**Information shown**.
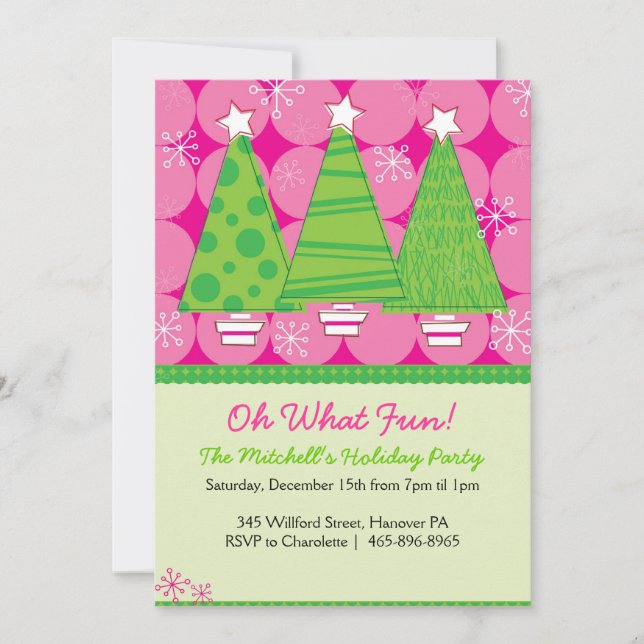 Invitations de Noël - Arbres roses et verts (Devant)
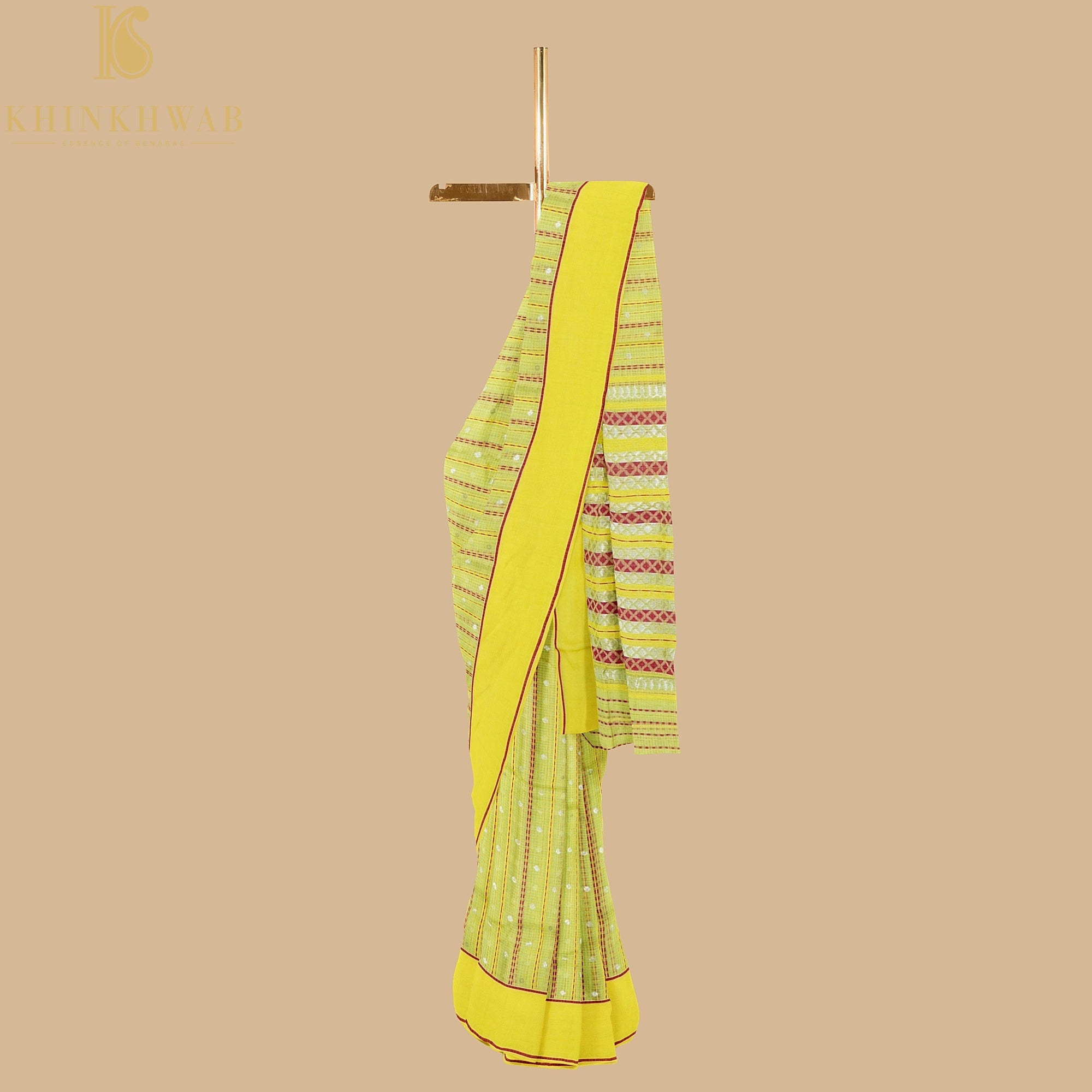 Handwoven Sunflower Yellow Real Zari Kota Silk Stripes Saree - Khinkhwab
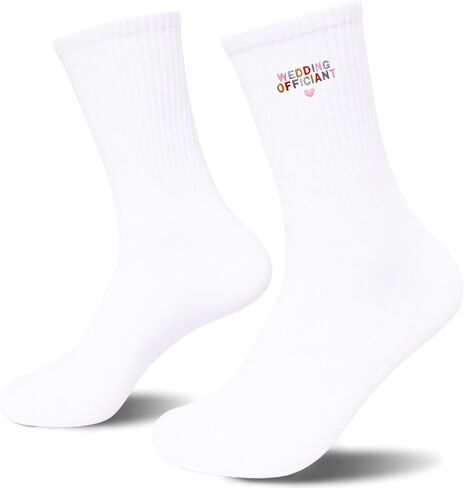 Embroidered Wedding Officiant Socks, Funny Gifts for Wedding Officiant, Novelty Socks For Men And Women.(057) in Saudi Arabia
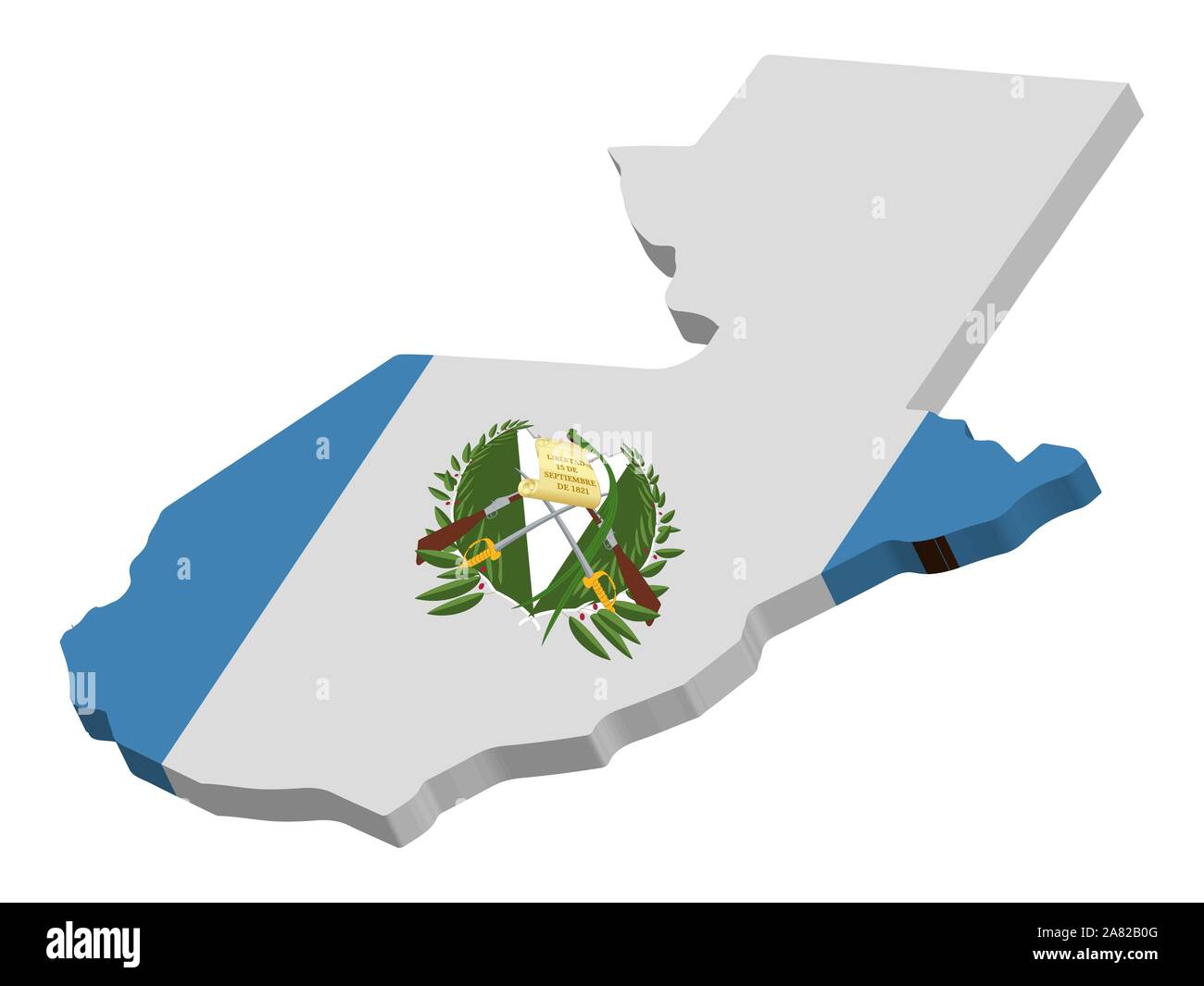 3D Guatemala Map Flag Vector illustration eps 10. Stock Vector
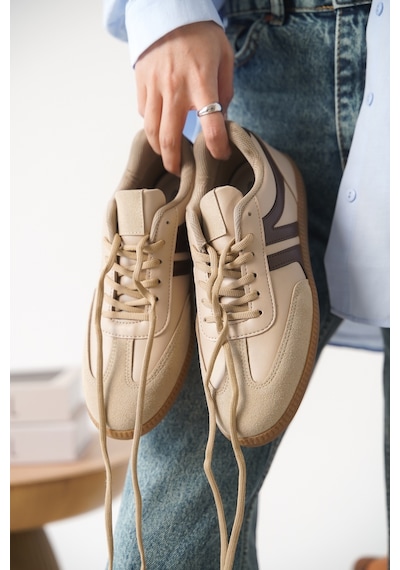 Daxtors Garantili Carina Günlük Ortopedik Kadın Sneaker Spor Ayakkabı Bej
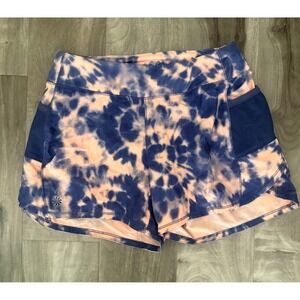 Athleta Girl Printed‎ Record Breaker 3" Short, Size L/12 Tie-Dye Blue and pink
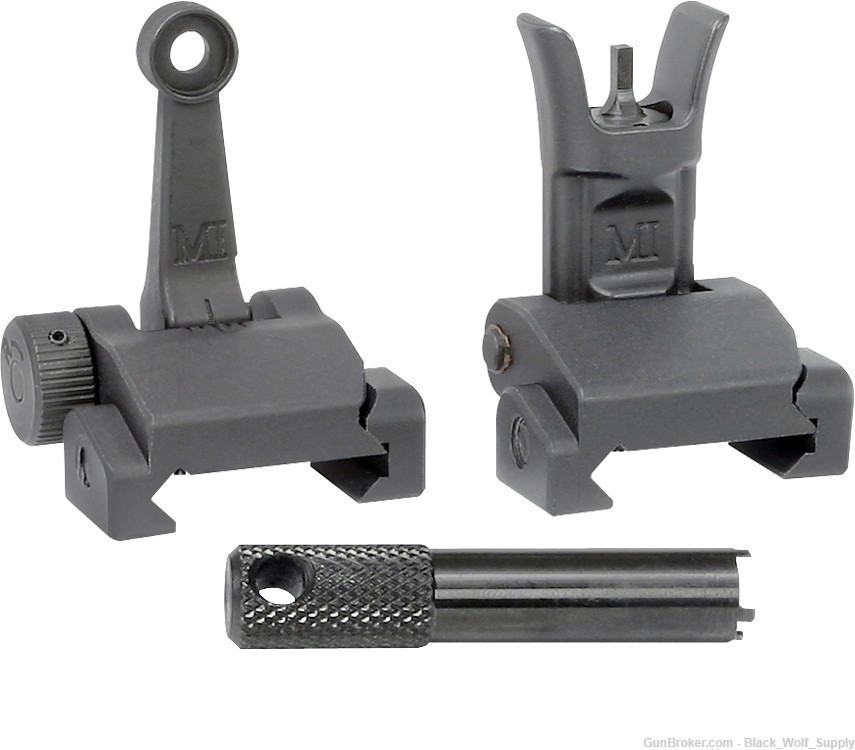 Midwest Industries Combat Rifle Sight Set Adjustable Front and Rear Sight-img-0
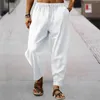 Pantalon homme mode printemps automne 15 couleurs rayure coton lin couleur unie décontracté Streetwear S-3XL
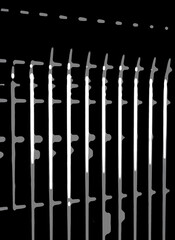 An abstract pattern of white lines on a black background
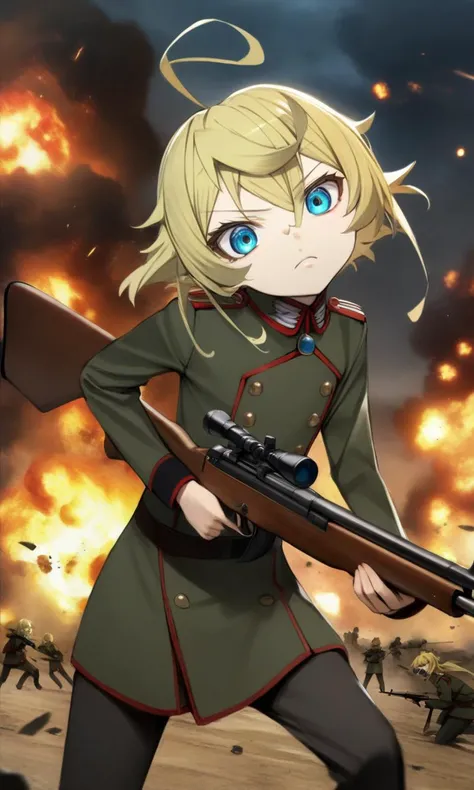 a woman in uniform holding a rifle in front of a bunch of soldiers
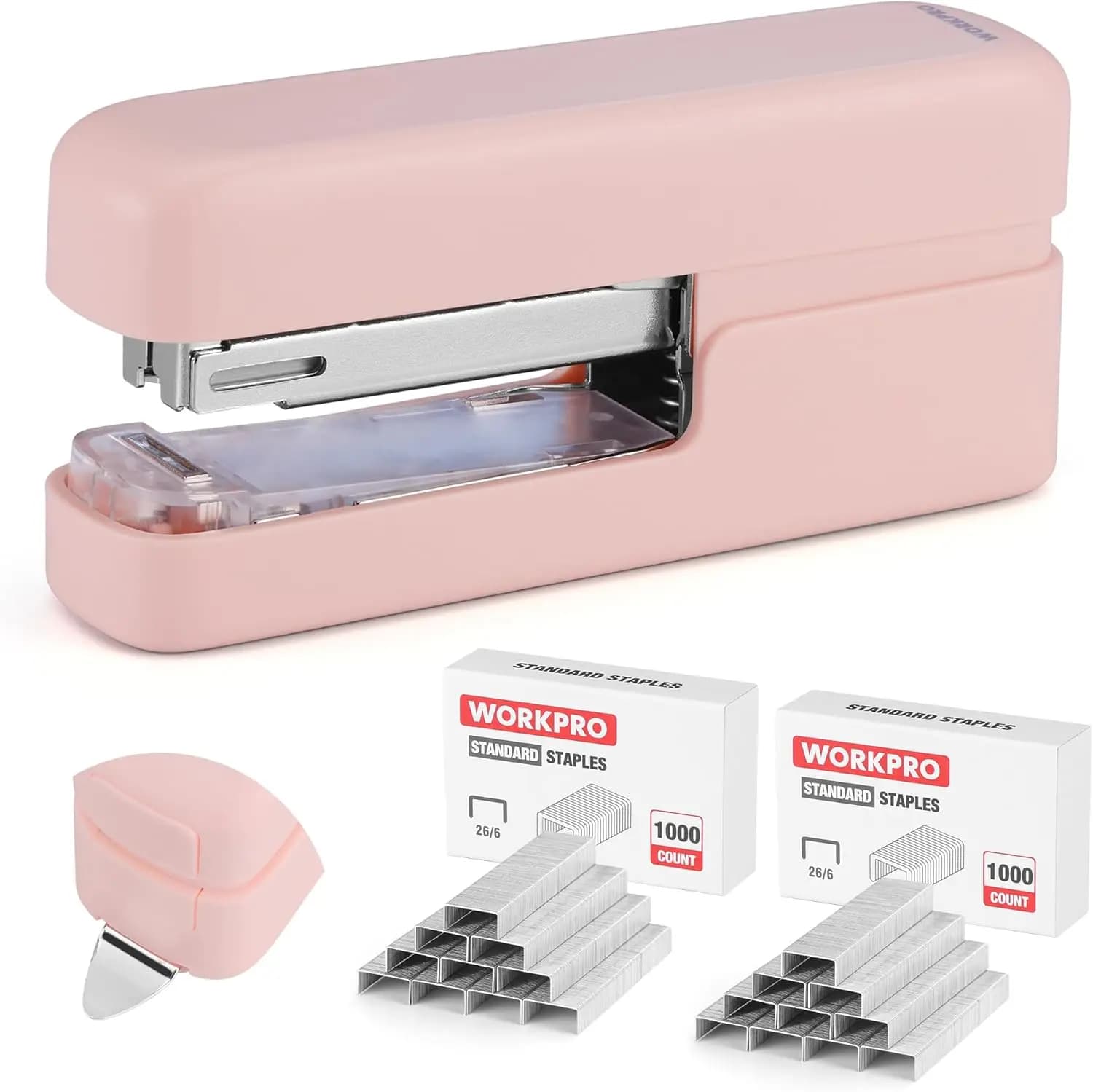 Cucitrice 2-in-1 con Dispositivo di Rimozione Graffette, Chiusura Piatta, Capacità 40 Fogli, Include 2000 Graffette, Base Antiscivolo, Rosa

**Work order**.
Only the lines from the one with "Pantalon homme mode" through the end of the listing should be transcribed, exactly and without pictures.

**Final answer**.
 Pantalon homme mode printemps automne 15 couleurs rayure coton lin couleur unie décontracté Streetwear S-3XL
 An abstract pattern of white lines on a black background
 a woman in uniform holding a rifle in front of a bunch of soldiers
 Cucitrice 2-in-1 con Dispositivo di Rimozione Graffette, Chiusura Piatta, Capacità 40 Fogli, Include 2000 Graffette, Base Antiscivolo, Rosa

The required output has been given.